» PROBLEM TO WORK ON
Below are records; transcribe only the line with "Apartment Froehlich Am" and those after it, through the last line, without any change.

(DATA SUPPLIED begins)

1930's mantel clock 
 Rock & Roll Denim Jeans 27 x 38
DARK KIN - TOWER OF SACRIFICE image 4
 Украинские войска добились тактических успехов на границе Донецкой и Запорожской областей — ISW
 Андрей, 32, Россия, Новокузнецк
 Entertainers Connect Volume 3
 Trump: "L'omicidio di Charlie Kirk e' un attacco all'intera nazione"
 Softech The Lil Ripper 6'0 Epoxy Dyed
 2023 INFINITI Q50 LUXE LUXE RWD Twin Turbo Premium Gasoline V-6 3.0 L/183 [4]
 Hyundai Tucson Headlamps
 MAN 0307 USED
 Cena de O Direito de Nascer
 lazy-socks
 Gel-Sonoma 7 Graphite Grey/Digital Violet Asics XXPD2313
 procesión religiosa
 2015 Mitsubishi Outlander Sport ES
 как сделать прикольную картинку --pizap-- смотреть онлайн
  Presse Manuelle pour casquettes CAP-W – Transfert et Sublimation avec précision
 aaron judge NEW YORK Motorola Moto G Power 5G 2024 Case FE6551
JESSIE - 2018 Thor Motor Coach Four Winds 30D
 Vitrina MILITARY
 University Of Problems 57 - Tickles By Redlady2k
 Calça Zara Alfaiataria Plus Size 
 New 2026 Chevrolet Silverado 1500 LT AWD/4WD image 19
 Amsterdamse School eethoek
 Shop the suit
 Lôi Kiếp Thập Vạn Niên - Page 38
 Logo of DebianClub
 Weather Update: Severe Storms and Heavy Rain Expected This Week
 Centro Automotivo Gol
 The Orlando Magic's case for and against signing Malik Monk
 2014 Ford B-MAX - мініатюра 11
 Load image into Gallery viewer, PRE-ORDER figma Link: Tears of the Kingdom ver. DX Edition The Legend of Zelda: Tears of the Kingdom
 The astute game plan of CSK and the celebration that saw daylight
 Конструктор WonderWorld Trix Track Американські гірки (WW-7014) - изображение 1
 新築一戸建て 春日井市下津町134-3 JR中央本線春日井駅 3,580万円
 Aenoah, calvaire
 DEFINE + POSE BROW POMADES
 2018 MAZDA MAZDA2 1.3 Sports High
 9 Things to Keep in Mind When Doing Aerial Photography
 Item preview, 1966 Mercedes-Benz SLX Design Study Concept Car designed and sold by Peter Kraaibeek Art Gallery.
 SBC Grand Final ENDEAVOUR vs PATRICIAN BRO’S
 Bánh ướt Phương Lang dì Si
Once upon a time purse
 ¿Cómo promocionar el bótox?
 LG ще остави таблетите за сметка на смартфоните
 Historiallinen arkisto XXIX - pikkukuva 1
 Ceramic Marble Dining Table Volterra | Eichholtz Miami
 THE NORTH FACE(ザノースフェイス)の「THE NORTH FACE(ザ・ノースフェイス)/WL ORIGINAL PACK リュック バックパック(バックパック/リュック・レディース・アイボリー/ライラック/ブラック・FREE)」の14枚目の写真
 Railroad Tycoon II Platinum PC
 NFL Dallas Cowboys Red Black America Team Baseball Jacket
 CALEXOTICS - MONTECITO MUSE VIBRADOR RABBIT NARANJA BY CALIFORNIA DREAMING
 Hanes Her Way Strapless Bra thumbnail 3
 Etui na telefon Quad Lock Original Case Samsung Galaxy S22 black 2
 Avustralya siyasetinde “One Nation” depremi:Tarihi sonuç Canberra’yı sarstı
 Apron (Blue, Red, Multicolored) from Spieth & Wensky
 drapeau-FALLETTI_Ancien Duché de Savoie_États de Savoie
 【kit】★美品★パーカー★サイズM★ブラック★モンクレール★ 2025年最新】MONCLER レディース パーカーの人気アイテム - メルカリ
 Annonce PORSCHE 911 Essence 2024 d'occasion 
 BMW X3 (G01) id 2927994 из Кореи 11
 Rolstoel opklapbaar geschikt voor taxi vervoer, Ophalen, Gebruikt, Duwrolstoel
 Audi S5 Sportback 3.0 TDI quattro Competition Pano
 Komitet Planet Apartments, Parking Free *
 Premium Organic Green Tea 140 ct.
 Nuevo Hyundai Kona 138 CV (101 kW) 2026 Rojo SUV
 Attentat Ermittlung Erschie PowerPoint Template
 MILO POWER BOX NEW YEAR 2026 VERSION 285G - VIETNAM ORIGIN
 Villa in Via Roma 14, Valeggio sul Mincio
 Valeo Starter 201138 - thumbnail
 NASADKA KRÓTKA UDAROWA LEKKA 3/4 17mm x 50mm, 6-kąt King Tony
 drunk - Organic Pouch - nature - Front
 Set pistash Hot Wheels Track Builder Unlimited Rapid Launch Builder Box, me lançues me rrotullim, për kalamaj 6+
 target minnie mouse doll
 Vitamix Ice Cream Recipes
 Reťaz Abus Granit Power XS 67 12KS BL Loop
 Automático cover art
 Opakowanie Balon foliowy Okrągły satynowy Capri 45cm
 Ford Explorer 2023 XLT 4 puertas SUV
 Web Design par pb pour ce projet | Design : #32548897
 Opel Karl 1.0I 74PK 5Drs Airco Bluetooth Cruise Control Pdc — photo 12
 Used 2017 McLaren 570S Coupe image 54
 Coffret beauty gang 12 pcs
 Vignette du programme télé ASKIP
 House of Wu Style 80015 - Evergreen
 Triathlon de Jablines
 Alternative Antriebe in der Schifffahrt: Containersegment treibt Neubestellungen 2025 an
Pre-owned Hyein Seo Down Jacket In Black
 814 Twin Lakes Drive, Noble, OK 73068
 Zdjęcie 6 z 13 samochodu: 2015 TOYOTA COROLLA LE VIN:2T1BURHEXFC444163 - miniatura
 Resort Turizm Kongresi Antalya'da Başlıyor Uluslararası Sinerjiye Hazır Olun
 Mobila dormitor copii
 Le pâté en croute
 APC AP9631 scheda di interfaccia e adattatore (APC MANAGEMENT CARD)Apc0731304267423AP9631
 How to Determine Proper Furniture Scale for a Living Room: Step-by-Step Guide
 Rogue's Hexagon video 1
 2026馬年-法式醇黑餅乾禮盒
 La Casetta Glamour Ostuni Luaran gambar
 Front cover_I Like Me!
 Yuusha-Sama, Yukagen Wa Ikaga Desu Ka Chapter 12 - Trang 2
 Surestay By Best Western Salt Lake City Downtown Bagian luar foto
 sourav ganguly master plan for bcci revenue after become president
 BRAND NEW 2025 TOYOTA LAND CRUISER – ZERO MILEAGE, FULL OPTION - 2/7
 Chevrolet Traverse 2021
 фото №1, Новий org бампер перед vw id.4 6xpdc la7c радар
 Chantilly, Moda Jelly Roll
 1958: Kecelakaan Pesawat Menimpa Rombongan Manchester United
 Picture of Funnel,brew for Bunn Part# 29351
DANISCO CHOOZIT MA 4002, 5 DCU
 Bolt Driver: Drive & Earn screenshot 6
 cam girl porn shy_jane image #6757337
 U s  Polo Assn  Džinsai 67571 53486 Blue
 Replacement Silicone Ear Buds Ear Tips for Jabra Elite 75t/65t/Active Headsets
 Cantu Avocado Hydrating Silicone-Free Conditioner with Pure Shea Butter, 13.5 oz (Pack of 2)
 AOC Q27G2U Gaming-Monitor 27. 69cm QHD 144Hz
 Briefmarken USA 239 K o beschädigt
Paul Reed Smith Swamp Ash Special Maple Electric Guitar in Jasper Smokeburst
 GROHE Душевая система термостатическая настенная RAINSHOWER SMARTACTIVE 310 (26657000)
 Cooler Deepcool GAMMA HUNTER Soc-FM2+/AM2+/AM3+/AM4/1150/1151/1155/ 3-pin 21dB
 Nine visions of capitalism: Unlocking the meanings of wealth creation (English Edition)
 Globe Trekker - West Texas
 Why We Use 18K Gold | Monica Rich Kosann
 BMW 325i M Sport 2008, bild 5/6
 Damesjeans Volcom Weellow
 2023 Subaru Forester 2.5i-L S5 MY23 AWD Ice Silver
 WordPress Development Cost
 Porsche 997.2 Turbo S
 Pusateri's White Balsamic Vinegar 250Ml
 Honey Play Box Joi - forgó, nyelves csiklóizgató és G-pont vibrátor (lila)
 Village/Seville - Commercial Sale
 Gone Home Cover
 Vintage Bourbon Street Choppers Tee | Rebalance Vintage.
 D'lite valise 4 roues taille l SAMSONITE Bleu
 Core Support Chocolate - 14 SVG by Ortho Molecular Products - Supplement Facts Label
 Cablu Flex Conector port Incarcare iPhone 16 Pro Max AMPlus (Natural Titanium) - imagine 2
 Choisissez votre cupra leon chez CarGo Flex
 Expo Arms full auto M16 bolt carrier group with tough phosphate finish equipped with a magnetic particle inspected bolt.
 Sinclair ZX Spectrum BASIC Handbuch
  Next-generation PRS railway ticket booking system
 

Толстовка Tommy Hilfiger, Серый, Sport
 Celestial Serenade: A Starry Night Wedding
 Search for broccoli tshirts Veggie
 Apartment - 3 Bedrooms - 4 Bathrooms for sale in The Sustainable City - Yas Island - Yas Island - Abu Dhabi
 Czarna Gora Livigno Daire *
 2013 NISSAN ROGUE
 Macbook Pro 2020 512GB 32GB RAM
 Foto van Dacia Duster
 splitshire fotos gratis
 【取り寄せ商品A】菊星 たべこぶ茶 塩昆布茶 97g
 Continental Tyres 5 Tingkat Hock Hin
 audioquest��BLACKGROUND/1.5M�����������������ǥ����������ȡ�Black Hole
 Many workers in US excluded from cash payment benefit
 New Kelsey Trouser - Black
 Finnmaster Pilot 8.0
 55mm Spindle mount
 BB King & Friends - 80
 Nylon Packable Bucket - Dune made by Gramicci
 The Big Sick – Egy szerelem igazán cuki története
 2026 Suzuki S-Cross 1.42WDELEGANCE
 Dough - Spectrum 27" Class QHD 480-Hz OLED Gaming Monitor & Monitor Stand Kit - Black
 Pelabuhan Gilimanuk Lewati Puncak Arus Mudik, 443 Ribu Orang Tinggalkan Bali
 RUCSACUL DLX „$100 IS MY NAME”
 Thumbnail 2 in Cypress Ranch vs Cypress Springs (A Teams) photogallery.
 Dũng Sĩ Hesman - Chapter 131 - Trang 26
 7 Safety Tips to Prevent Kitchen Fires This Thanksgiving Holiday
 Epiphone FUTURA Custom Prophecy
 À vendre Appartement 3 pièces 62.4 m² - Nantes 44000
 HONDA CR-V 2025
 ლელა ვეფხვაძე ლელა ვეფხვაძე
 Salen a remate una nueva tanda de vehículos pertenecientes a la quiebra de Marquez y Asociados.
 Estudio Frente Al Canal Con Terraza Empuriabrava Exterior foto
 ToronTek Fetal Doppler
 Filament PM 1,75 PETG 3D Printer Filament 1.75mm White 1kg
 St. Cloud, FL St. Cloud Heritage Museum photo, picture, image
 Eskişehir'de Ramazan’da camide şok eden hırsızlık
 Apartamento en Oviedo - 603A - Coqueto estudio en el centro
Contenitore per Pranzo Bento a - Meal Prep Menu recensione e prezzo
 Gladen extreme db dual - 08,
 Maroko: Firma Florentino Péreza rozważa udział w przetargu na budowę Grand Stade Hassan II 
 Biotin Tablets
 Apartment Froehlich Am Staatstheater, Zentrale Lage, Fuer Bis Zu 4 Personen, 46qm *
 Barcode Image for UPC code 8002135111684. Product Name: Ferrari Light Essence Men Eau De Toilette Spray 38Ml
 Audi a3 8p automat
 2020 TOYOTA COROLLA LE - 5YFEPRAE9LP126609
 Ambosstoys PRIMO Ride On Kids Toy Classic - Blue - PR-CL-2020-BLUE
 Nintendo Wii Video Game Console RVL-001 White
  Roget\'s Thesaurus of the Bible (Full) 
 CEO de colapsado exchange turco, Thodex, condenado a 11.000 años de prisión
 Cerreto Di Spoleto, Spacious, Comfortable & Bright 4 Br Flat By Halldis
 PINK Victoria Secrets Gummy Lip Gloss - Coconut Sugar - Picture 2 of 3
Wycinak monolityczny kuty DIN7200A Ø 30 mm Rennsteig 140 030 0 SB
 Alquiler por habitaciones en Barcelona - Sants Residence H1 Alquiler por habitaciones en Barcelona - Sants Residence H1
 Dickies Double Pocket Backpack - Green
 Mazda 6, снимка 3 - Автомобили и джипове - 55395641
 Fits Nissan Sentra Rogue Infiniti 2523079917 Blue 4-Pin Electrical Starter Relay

(DATA SUPPLIED ends)

» RESPONSE TO THE TASK
 Apartment Froehlich Am Staatstheater, Zentrale Lage, Fuer Bis Zu 4 Personen, 46qm *
 Barcode Image for UPC code 8002135111684. Product Name: Ferrari Light Essence Men Eau De Toilette Spray 38Ml
 Audi a3 8p automat
 2020 TOYOTA COROLLA LE - 5YFEPRAE9LP126609
 Ambosstoys PRIMO Ride On Kids Toy Classic - Blue - PR-CL-2020-BLUE
 Nintendo Wii Video Game Console RVL-001 White
  Roget\'s Thesaurus of the Bible (Full) 
 CEO de colapsado exchange turco, Thodex, condenado a 11.000 años de prisión
 Cerreto Di Spoleto, Spacious, Comfortable & Bright 4 Br Flat By Halldis
 PINK Victoria Secrets Gummy Lip Gloss - Coconut Sugar - Picture 2 of 3
Wycinak monolityczny kuty DIN7200A Ø 30 mm Rennsteig 140 030 0 SB
 Alquiler por habitaciones en Barcelona - Sants Residence H1 Alquiler por habitaciones en Barcelona - Sants Residence H1
 Dickies Double Pocket Backpack - Green
 Mazda 6, снимка 3 - Автомобили и джипове - 55395641
 Fits Nissan Sentra Rogue Infiniti 2523079917 Blue 4-Pin Electrical Starter Relay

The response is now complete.